You really want to see the root of my anger?
Come, thy brother
Come see the burden
The secret shall be revealed to you!
Come closer, thy brother
Can you already feel it?
Can you hear any of them?
The whispers turn into screams
The demons tormenting!
Feel my pain!
Feel my agony!
Goddamn it!!!
Why don’t you feel my pain?!
Come and feel my agony!
I shall crush you and I will destroy you!
Even if it’s the last thing I do in my feeble and miserable existence
I will put you in my shoes
I will drag you down with me
And you’ll feel how’s to be crawling like a ravished and trampled snake.

Then you will have what you really wanted
And then I will have what I really needed
An equivalent exchange of the suffering
We shall both be the losers but as long as you’re not winning
I shall always be grateful
I shall always be one with my shadow.

Stream of Voices

I don’t exist
Or exist way too much to be in the way
When silence attacks violently
The voices of those who abused me start chattering.

So bring the guns forward
I’ve been meaning to die for awhile now
Oh, no I do not mean to be ungrateful
But fuck the way I feel about everything when I’m lonely.

Good for you if you don’t speak about these things up front
But for fuck’s sake I’m trying to exorcise my own demons
Can you lend me a hand of getting out of this hell?
Or are you gonna stay on that side, yelling “you can make it!”?

This feeling is fueled by the fact I am physically alone
I don’t want to hear the things I already know
That demonic voice of my own, my low self-esteem
How nobody ever wanted me. How low can I go?

To play the victim and feel sorry about myself
Be in my fucking skin and tell me that everything is ok
“If you’re gonna end it, you should’ve ended it by now”
What kind of fucked up thing is that to say to someone who’s hurting?

Alexander Silver

Forlorn

Electric sheep are dancing in my head
As I’m trying to find a way up ahead
‘Cause what they sell here is overpriced
And people here are the kind I despise.

One step forward and two steps back
As I’m trying to find a way to relax
‘Cause what they say I cannot tolerate
My heart slows down and then accelerates.

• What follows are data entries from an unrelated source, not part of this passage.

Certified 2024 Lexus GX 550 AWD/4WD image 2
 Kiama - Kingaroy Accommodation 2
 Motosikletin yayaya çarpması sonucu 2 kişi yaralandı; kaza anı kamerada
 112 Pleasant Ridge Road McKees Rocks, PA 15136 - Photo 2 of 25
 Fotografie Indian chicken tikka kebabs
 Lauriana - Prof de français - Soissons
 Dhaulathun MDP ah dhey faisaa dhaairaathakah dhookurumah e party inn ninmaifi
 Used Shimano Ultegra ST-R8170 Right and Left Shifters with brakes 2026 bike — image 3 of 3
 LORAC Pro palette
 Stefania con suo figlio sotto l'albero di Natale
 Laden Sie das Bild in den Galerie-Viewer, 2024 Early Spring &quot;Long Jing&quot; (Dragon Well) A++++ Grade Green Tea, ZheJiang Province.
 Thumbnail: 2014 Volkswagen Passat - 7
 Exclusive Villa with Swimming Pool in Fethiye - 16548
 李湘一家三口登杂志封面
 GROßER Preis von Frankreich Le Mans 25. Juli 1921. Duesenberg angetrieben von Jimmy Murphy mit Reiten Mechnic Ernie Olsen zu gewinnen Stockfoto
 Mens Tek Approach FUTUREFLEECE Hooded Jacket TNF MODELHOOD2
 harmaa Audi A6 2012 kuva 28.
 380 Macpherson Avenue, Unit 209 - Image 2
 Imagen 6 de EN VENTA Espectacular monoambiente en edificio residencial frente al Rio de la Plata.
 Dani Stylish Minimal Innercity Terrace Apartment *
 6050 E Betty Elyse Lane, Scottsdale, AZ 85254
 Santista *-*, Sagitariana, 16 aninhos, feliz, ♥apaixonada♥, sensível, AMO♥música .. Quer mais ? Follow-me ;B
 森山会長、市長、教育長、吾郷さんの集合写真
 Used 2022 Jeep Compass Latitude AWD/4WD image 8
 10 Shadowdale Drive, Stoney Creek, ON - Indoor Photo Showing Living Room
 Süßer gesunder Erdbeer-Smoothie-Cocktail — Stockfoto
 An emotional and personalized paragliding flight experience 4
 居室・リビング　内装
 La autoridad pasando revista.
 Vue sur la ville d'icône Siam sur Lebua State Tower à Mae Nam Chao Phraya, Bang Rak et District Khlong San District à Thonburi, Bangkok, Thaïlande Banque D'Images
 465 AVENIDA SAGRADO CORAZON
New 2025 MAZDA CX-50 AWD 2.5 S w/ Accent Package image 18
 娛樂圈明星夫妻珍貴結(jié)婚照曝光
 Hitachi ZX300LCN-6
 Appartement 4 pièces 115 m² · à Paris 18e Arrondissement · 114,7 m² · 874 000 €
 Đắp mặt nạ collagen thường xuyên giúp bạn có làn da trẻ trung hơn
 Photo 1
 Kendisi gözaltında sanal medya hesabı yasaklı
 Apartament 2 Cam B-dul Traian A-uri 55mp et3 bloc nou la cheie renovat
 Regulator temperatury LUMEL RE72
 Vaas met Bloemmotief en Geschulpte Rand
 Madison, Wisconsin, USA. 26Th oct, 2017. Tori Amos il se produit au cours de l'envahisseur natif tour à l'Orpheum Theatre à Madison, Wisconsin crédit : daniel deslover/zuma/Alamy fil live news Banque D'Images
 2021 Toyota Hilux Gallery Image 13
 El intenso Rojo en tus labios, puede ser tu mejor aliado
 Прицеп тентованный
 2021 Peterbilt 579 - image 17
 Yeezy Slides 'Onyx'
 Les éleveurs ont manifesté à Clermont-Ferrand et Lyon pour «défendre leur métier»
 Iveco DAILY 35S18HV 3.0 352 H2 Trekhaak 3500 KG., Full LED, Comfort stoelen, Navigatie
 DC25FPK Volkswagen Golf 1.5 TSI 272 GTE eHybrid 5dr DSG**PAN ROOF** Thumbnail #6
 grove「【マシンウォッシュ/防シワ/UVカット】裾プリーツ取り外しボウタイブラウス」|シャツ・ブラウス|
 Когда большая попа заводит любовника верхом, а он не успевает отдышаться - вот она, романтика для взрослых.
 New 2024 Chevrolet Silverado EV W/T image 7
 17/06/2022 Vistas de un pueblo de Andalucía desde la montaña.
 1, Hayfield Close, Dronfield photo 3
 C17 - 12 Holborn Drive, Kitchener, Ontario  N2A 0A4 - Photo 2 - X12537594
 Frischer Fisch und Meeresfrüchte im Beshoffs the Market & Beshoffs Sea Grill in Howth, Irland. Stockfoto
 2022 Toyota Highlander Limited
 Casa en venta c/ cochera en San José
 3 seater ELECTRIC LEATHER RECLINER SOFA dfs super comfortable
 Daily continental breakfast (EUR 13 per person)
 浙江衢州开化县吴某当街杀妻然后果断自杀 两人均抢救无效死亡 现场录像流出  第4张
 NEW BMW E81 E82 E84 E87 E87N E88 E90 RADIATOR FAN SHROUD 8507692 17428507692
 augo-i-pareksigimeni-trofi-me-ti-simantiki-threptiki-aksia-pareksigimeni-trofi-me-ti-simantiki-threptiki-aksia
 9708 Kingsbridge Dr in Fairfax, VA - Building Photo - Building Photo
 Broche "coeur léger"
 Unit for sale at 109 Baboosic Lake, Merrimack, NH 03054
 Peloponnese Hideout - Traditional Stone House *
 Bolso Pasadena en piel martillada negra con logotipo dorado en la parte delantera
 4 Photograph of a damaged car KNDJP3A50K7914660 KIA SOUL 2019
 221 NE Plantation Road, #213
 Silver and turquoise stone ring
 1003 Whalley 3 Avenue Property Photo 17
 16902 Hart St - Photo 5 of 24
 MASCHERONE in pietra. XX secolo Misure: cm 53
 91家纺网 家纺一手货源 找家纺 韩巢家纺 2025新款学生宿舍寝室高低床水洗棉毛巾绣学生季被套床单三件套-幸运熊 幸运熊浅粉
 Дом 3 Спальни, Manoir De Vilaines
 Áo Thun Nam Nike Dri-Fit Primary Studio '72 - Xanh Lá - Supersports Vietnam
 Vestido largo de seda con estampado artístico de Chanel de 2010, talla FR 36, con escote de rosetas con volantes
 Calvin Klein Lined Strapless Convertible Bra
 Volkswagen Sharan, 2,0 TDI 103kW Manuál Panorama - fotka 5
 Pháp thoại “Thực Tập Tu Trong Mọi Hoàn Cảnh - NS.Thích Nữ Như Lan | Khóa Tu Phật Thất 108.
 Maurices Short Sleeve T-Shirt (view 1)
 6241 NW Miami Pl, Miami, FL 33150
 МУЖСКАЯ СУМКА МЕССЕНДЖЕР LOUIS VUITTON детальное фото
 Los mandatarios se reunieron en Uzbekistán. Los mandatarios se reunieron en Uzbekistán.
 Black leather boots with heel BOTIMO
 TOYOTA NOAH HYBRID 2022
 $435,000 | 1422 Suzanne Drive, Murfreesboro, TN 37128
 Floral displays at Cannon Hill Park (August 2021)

Time will only tell why I’m still hanging from this rope
Time will only tell why I couldn’t find ways to cope
Time will heal all wounds or is that just what they say?
Cause my skin is itchy and the infection won’t go away.

I’m knocking desperately at your door
But you don’t seem to care to answer
I’ll bring the whole place down before
This self-rejection becomes an anchor.

There’s an animal farm up on the hill
Where livestock are ran through the mill
‘Cause the sense I give them taste so sour
And they don’t charge by the job but by the hour.

One step forward and two steps back
As I’m trying to defend from these attacks
‘Cause what they imply incarcerates
All trace of proof to dispose and incinerate.

Yes, it all seems forlorn
Especially in the ways you said you’d be here
We were like this since we were born
But I guess you choose, to rather die of utter fear.

Here I find myself banging my head against the wall
Waiting for a miracle to happen or for it to begin to fall
My heart slows down and then it suddenly accelerates
I cannot believe they can destroy it all but not create.

The Voice of the Devil

Grab on this corpse
And put it back in
Oh, how much have I long
For the day I welcome the misery
Back into my arms
Back into my soul
No, I will not understand
Yes, I will be cold
Push aside in despite
Of all the good I’ve done
Oh what a passage of rite
So callous to the bone
Chew it and spit it out
The taste have grown stale
As I scream and I shout
And watch this ship go to sail.

This storm, oh holy diabolical confusion
The intrusion of the so called friends
For now you’ll enjoy the division
But all your angels will soon become fiends
Every mistake back at you
I will be happy when the death touches
The one thing leading you through
I wanna see it lie in the dirt with the roaches.

Oh, happiness
Am I the only one grieving?
Seem like you’re smiling
Is it so fruitful what you’re conceiving?
This knife on my back
I will one day take it out
And I will draw a track
To disfigure your surmount.

You all come in packages
I was thrown down here
And all the dark influences
Will strike as your biggest fear
Come on, the one you will hate
Come on, the one that will not tolerate
Self-destruction with you tied to me
Cause if I go down, you’ll go down with me.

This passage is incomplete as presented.